----- Input -----

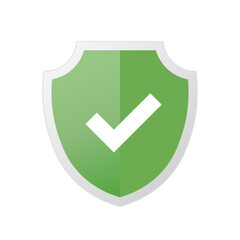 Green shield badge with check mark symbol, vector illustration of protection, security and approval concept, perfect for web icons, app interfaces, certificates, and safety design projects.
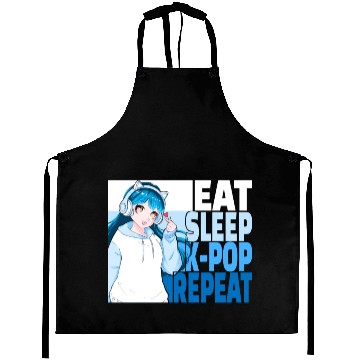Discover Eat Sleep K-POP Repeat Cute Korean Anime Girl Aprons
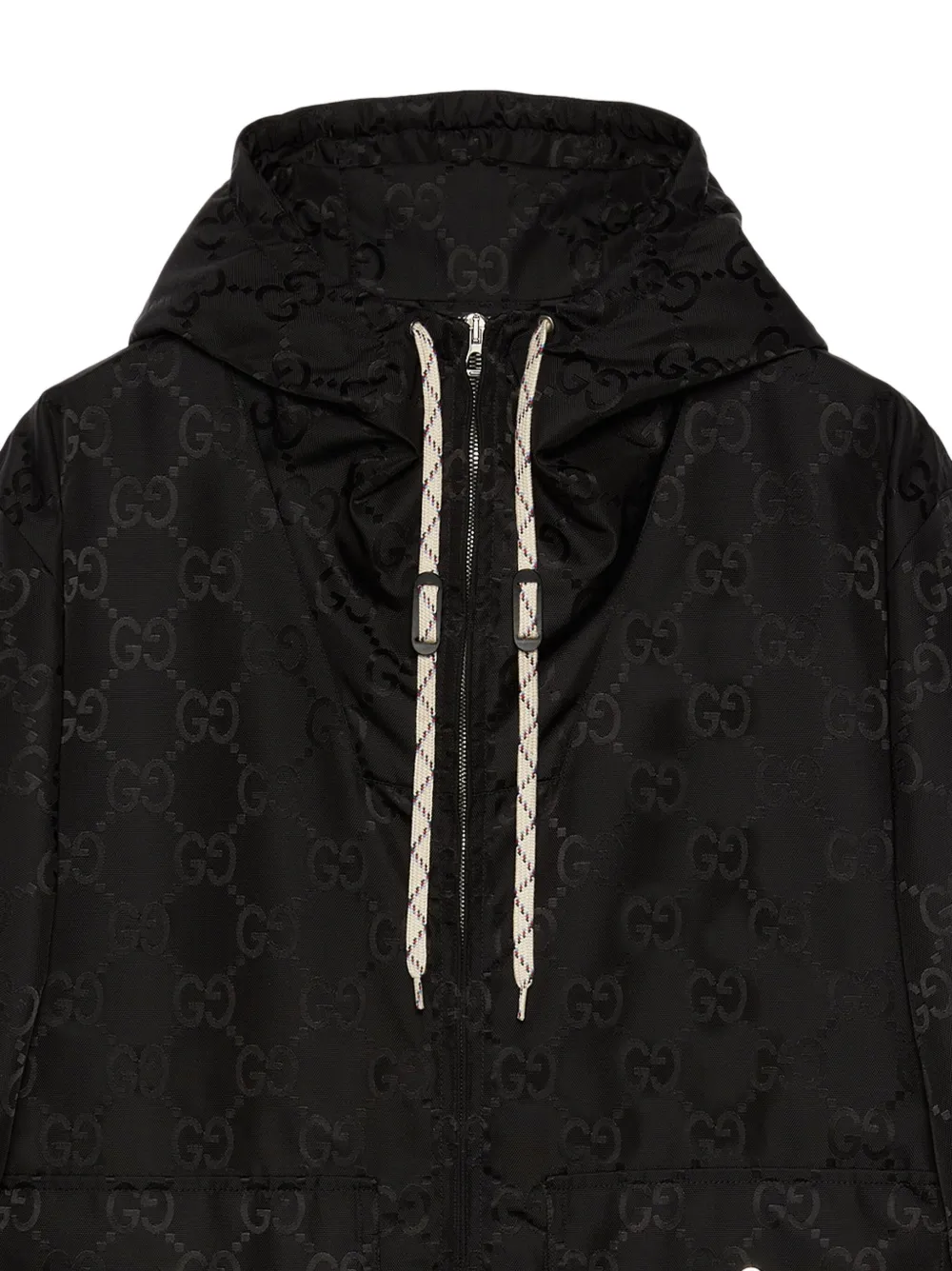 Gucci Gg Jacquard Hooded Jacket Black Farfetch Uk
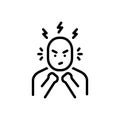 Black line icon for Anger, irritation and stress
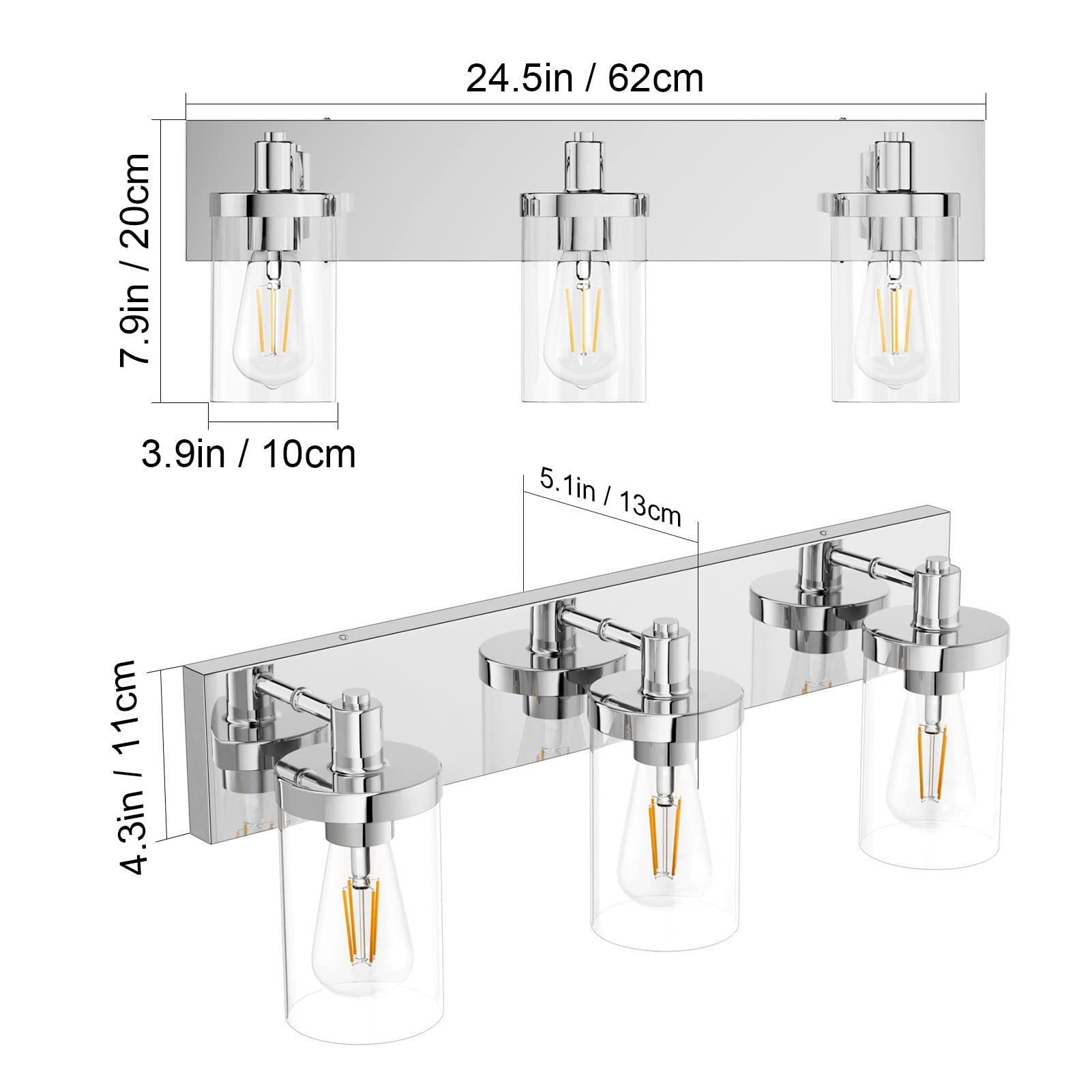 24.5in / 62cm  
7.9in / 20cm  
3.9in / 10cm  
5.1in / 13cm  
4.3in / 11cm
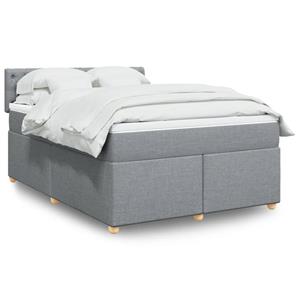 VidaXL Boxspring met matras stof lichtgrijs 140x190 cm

-----

Please output the lines from the line that contains "Black line icon" through the end of the records, both ends included, exactly and with no pictures.

 Black line icon for Anger, irritation and stress
 24.5in / 62cm  
7.9in / 20cm  
3.9in / 10cm  
5.1in / 13cm  
4.3in / 11cm
 VidaXL Boxspring met matras stof lichtgrijs 140x190 cm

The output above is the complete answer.